Clement fought his way back to the locus of his investigation. The missing outboard worried him but he began constructing plaus
ible alternatives to murder-robbery. Dieter could have taken it with him in a mate’s car. In fact he could have injured himself on it if the boat capsized. Against that, things about the scene jarred. You could lose your phone in the accident but would you leave keys in the ignition? No, surely even if the battery had already run flat, you’d take the keys. Clement wondered if he should drive out and around to the yet-to-be-pegged crime scene but he was worried about driving over evidence so he was forced to yet again retrace his steps to the other side of the creek. Before leaving he took a swig of water, you could dehydrate fast out here. On the way the flies harassed him again. They bit him this time. He flicked them off as best he could.
Using the tent as the centre of the target, Clement began searching out in bands of about five metres thick. After around thirty minutes he found an area of flattened bush as if a vehicle had recently been there. He estimated it was about sixty metres northwest of the tent and would not have been visible from it. There was a bush track leading out from there, clearly used by vehicles for access. He’d always approached the creek from the eastern side, as the tourists had, but clearly some regular traffic came this way too. He followed the path for another hundred metres calling out Schaffer’s name over the incessant insect buzz but received no reply and doubled back.

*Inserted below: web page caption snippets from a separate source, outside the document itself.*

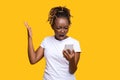 Furious black lady standing on yellow and screaming at smartphone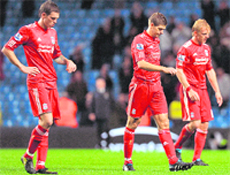 Liverpool players walk back after losing to Manchester City 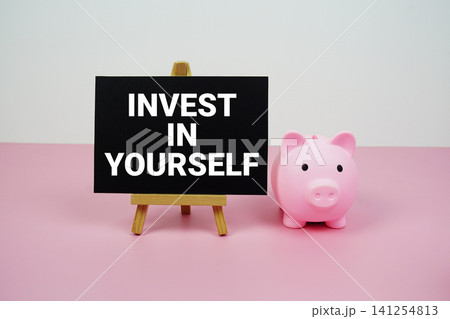 Invest in Yourself text written on paper card with easel and piggy bank Invest in Yourself text written on paper card with easel and piggy bank 141254813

Gradually he worked his way anti-clockwise around the entire creek. There was the usual kind of litter, chocolate and chip wrappers, plastic bottles, beer cartons. He took photos of everything he encountered. The only piece of recent technology he gave credit to was a phone with a camera in it. So much easier than logging everything with a biro that wouldn’t write on a cheap pad. Karen’s comment needled him. It wasn’t like he was trying to get back with Marilyn. Was he just terrified of another relationship, the unknown?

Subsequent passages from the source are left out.